→ **What you will do**: What are the lines, word for word, from the line with "Fresh off the" up to and including the line with "This is a brand" in the records below? Omit the pictures.

→ **Records for the exercise**:

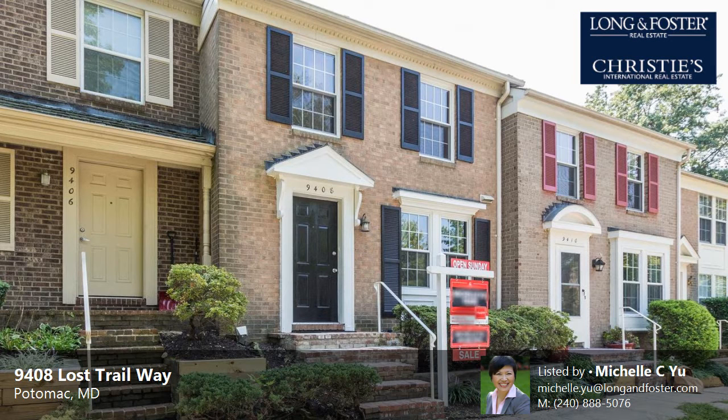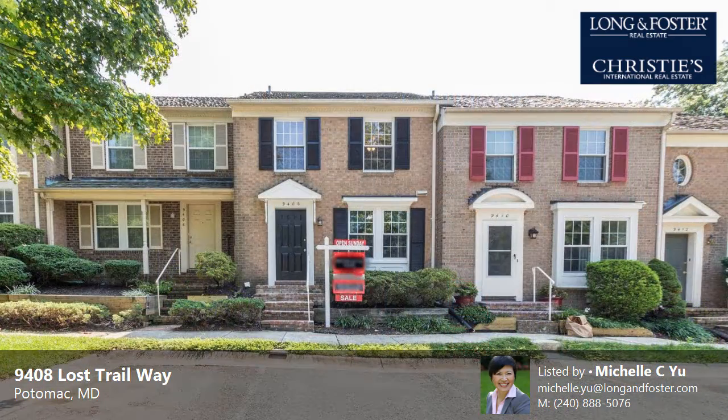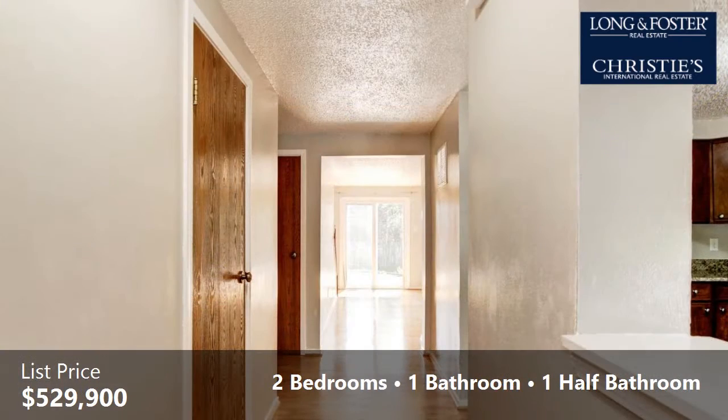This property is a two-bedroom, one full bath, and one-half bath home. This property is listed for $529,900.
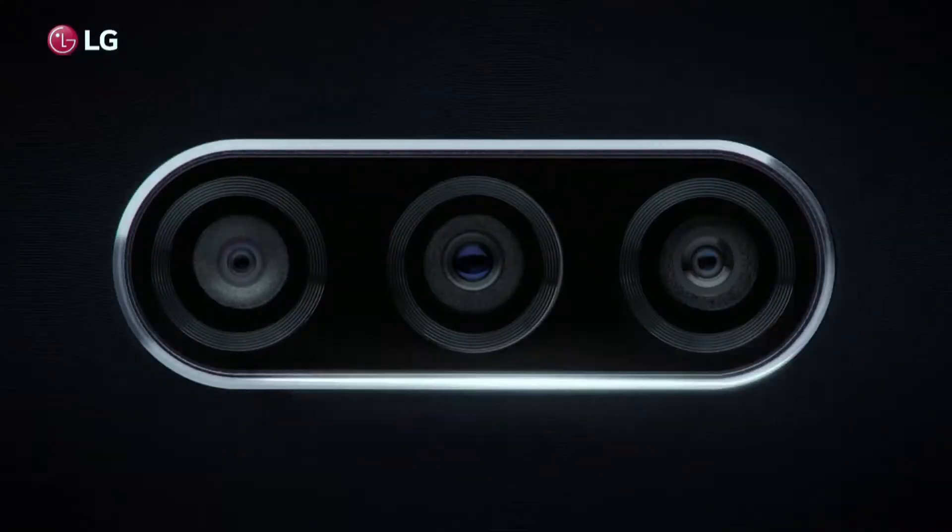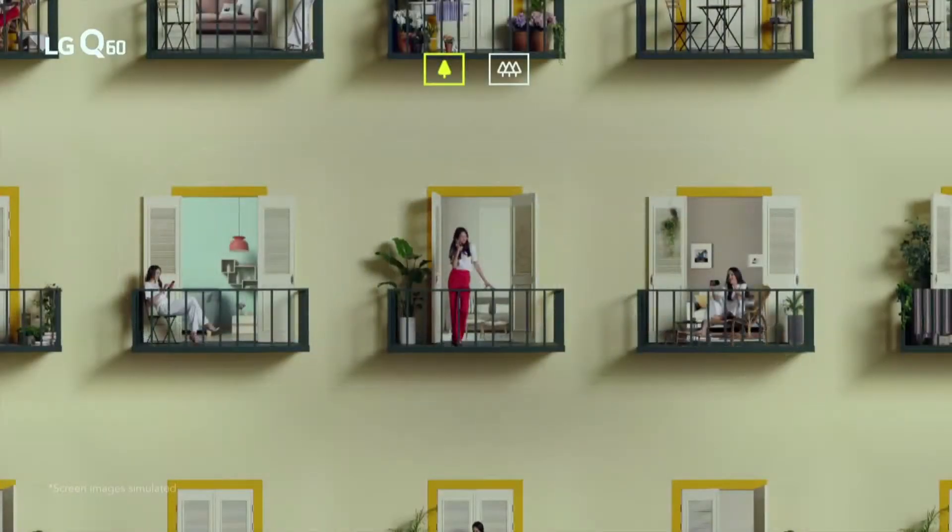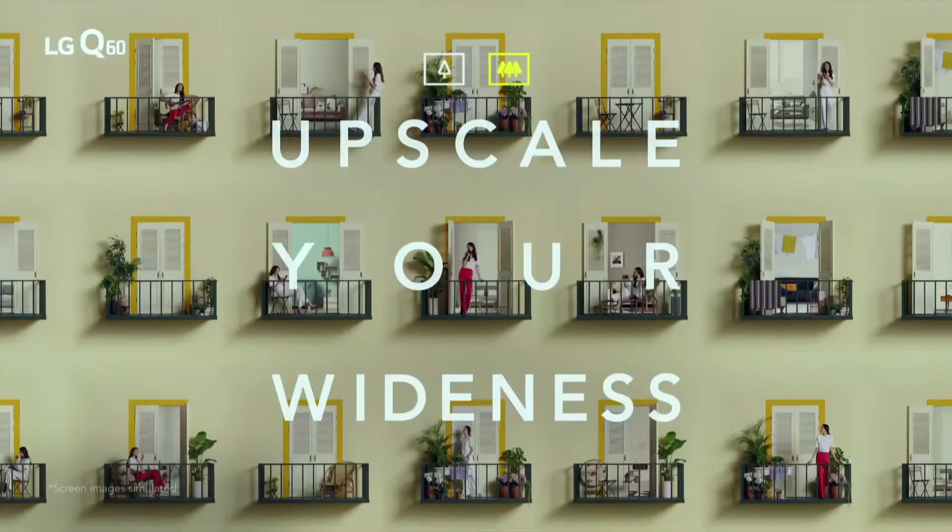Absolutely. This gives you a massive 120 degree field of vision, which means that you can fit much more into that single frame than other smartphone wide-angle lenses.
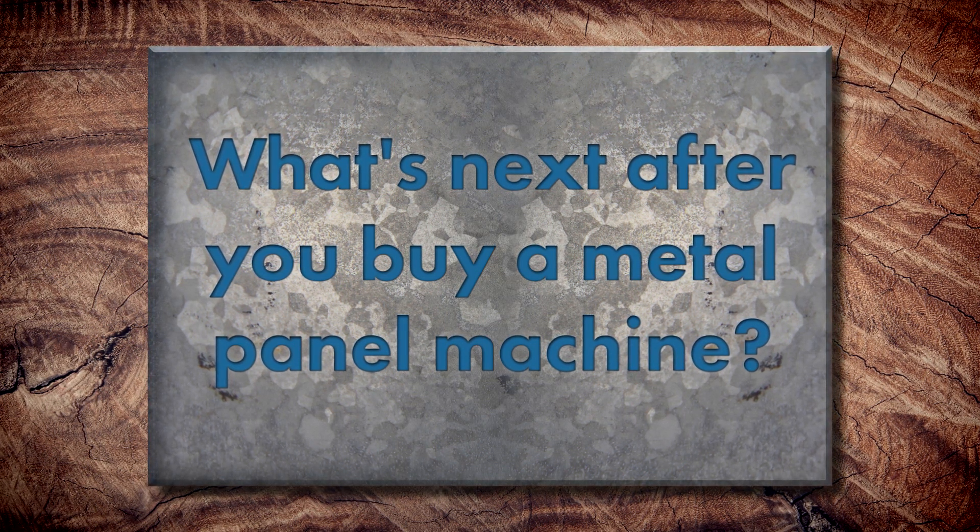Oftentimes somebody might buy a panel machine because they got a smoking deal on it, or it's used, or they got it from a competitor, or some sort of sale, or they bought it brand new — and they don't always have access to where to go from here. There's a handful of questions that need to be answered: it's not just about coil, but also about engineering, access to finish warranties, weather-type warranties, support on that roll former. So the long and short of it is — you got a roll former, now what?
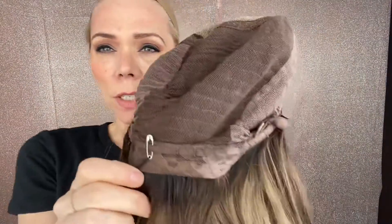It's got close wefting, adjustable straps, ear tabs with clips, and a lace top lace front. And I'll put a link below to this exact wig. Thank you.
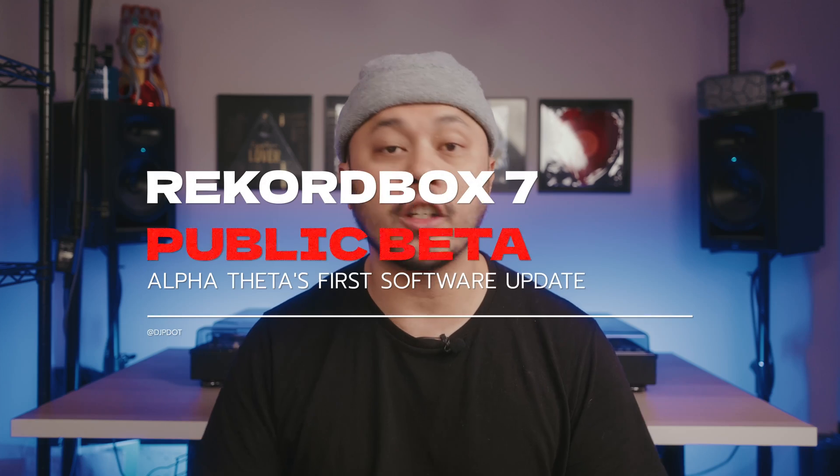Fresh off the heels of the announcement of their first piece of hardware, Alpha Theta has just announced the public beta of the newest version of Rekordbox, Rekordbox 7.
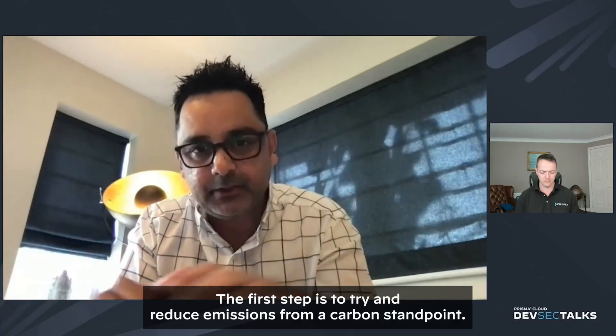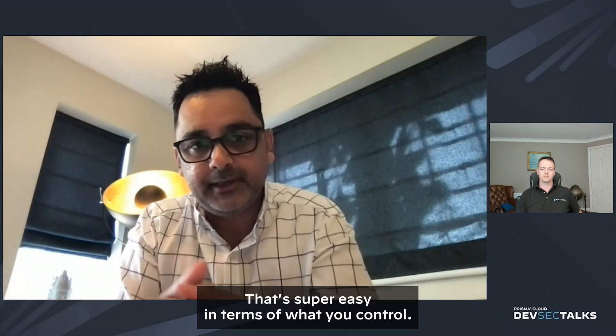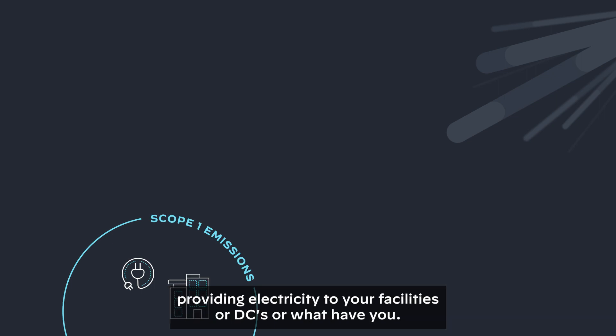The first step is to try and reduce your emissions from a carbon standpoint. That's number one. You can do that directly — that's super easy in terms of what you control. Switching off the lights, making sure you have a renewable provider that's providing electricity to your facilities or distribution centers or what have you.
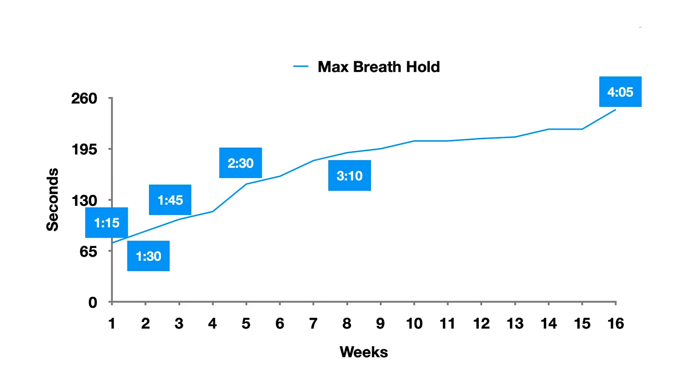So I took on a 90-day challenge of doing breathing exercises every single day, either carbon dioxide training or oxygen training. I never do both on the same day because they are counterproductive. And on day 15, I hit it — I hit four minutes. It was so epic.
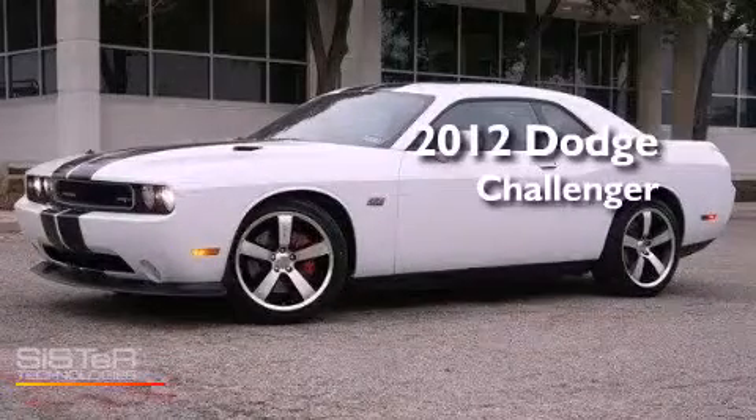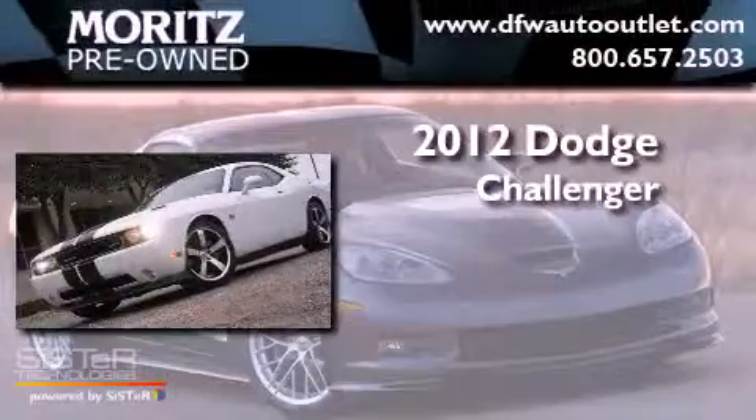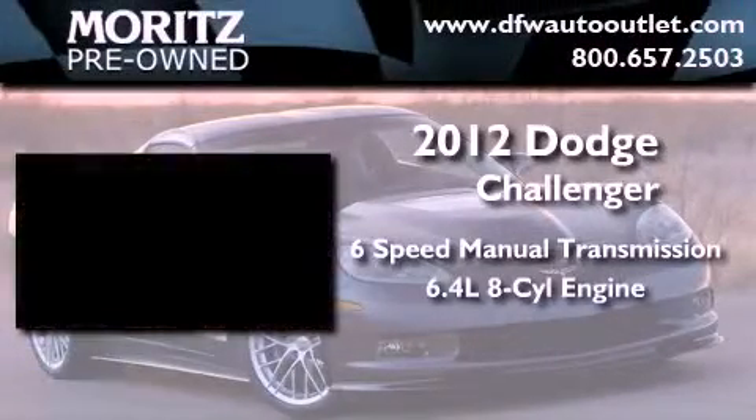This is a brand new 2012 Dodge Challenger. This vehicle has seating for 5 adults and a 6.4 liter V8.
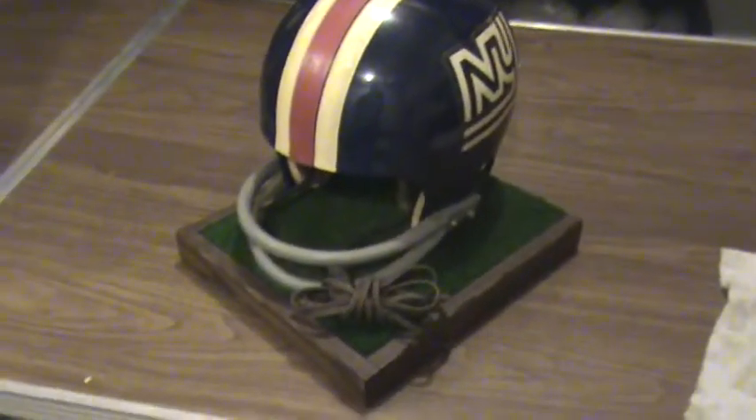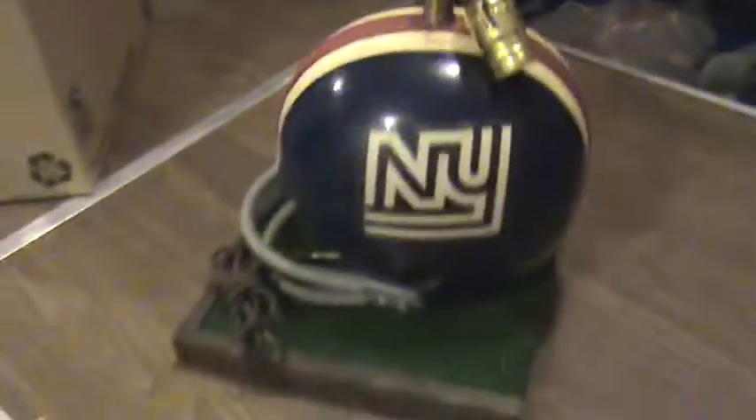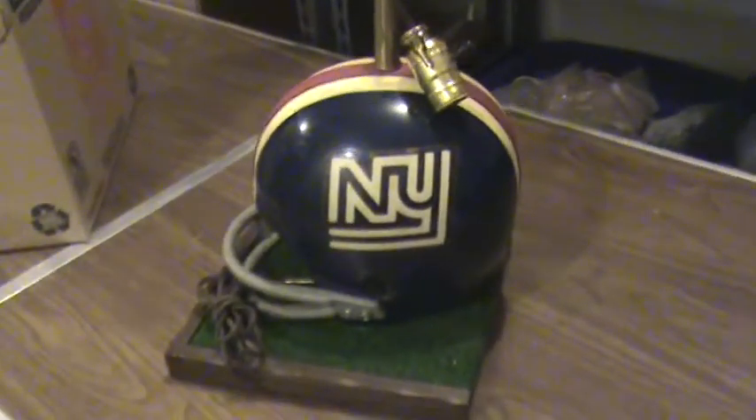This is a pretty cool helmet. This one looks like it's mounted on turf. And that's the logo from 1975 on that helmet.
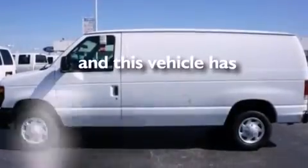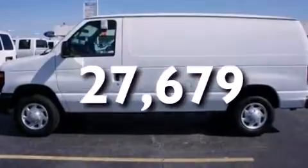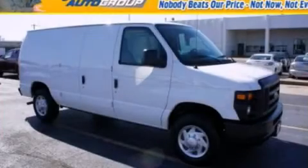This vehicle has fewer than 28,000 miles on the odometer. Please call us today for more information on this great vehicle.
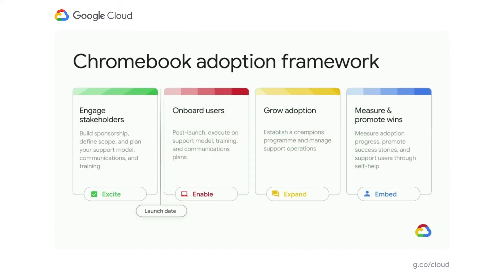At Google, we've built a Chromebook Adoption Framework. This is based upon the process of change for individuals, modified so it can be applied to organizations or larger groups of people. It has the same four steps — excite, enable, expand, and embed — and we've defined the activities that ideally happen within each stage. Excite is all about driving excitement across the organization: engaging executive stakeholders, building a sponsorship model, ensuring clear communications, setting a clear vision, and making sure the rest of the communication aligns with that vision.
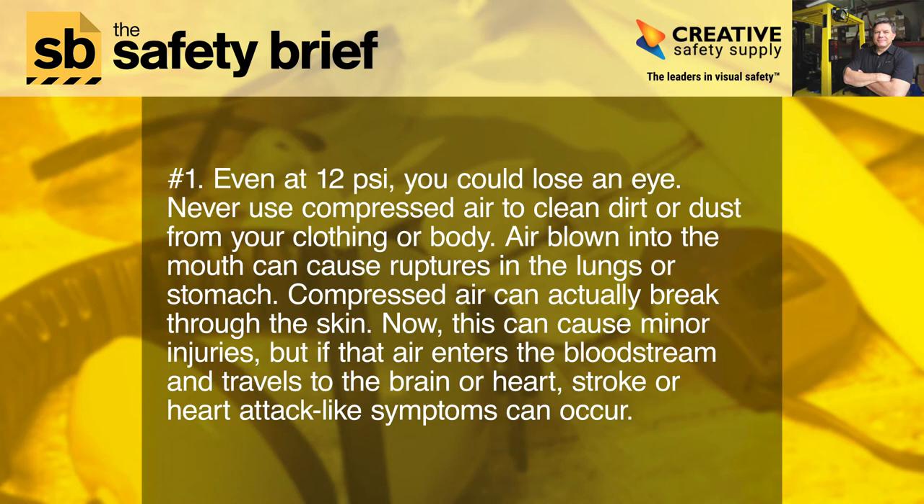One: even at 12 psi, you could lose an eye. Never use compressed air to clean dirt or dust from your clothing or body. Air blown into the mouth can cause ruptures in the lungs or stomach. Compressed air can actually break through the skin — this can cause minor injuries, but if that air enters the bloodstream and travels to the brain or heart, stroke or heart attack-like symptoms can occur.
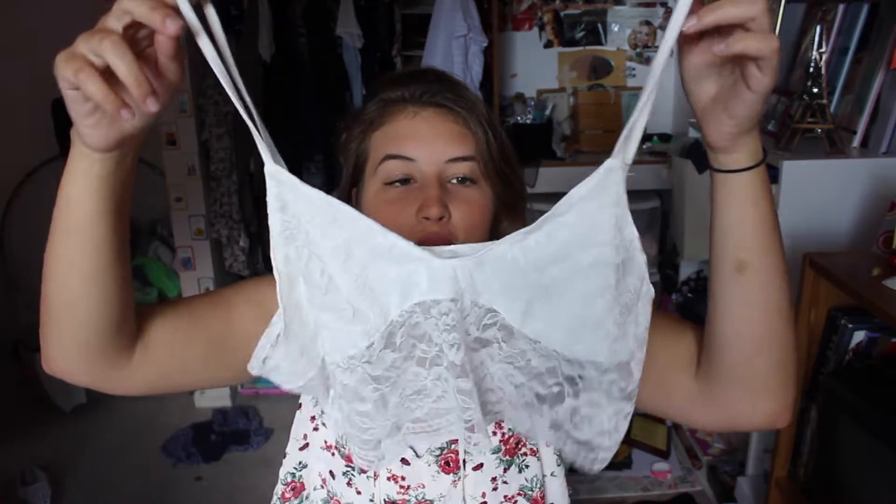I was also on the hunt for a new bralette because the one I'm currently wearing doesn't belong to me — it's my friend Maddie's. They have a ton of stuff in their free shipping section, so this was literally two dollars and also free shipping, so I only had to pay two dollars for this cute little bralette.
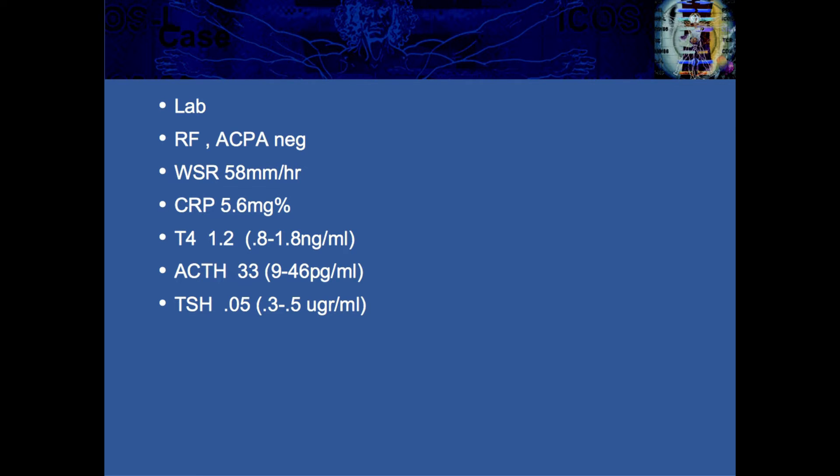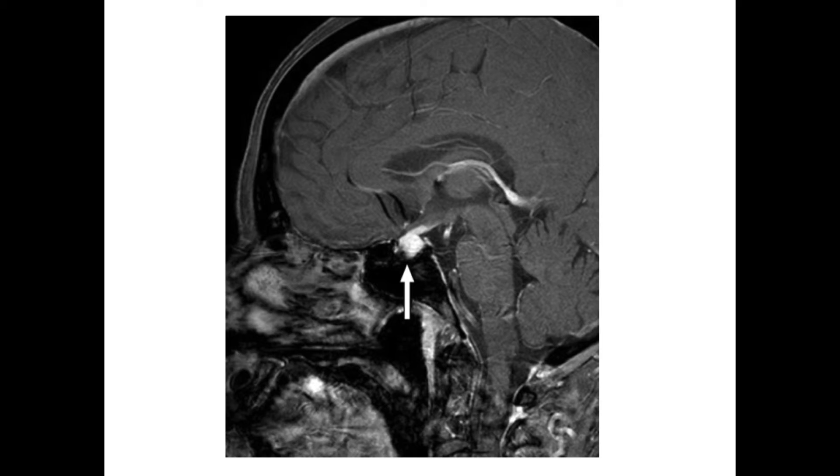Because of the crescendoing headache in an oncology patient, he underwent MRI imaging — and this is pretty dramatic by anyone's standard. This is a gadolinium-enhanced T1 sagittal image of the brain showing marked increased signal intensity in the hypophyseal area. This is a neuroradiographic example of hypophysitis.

→ **Your response**:
Fresh off the heels of the announcement of their first piece of hardware, Alpha Theta has just announced the public beta of the newest version of Rekordbox, Rekordbox 7.
The first step is to try and reduce your emissions from a carbon standpoint. That's number one. You can do that directly — that's super easy in terms of what you control. Switching off the lights, making sure you have a renewable provider that's providing electricity to your facilities or distribution centers or what have you.
So I took on a 90-day challenge of doing breathing exercises every single day, either carbon dioxide training or oxygen training. I never do both on the same day because they are counterproductive. And on day 15, I hit it — I hit four minutes. It was so epic.
This is a brand new 2012 Dodge Challenger. This vehicle has seating for 5 adults and a 6.4 liter V8.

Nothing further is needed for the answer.